Shares in Nokia fell 14 per cent on Friday after its announcement of a strategic allegiance with Microsoft failed to convince investors that the handset maker could fight back against Apple and Google in the smartphone market.
Stephen Elop, who left Microsoft to take over as Nokia chief executive last year, said the deal offered the best chance for the two companies to create a software platform capable of challenging Apple’s iOS and Google’s Android operating systems.
“It’s now a three-horse race,” he told investors in London, declaring that Microsoft’s Windows platform would become Nokia’s main operating system.
But investors were alarmed by his warning that the Finnish group faced two years of transition and “significant uncertainty” over margins and profit as it worked to implement the strategy.

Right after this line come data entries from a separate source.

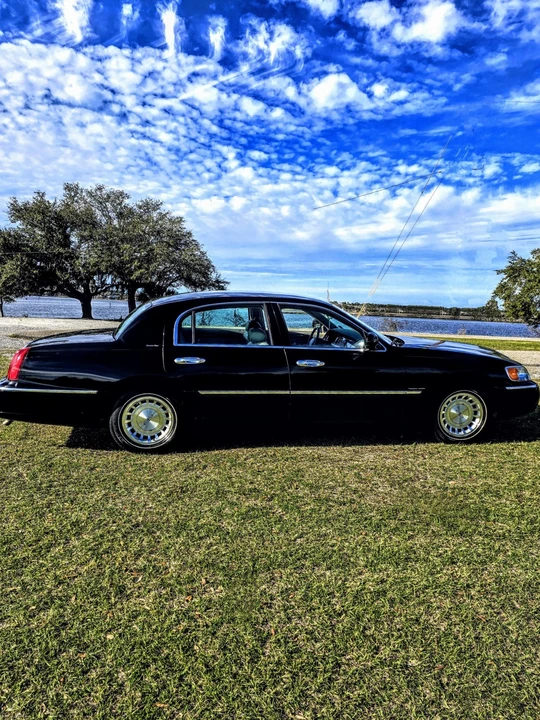 1999 Lincoln Town Car - Image 2 of 20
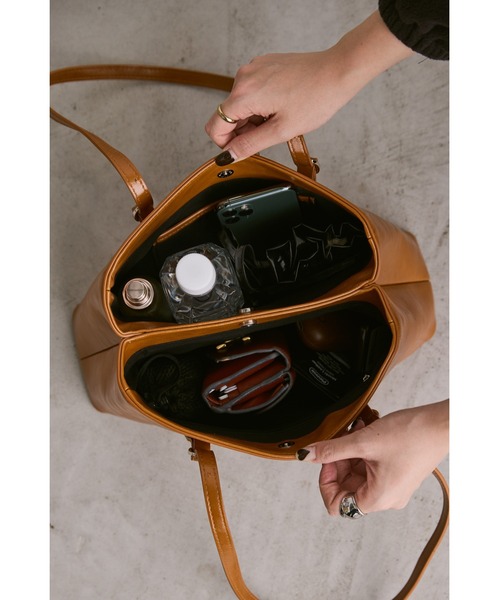 un/neu(アンノイ)の「ヴィンテージライクダブルハンドルバッグ /フェイクレザースクエアバッグ / ペットボトル収納可能(ハンドバッグ・レディース・ブラウン/キャメル/ブラック/ピンク/ブルー・FREE)」の21枚目の写真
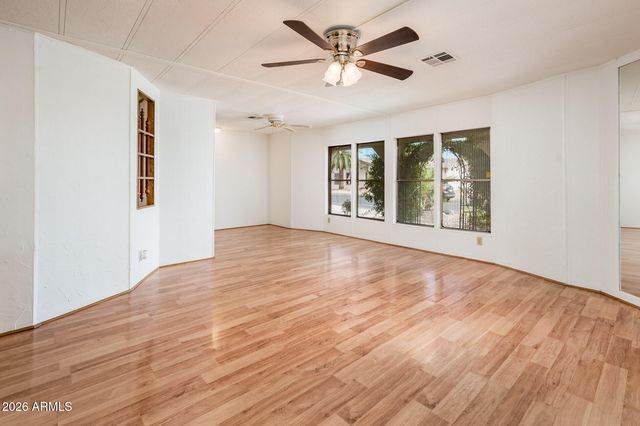 650 S PARK VIEW Circle, Mesa, AZ 85208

There was disappointment over a lack of detailed commitment to cutting Nokia’s research and development costs – by far the highest in the mobile industry – which had been assumed to be one of the main benefits of striking a software partnership.
More broadly, analysts questioned what was to be gained from a combination of two jaded brands that have both been put in the shade by Apple and Google.
Pierre Ferragu, analyst at Bernstein, said that, given the widely accepted need for Nokia to become nimbler and less bureaucratic, a partnership with “another heavy giant” such as Microsoft “doesn’t sound like the right remedy”.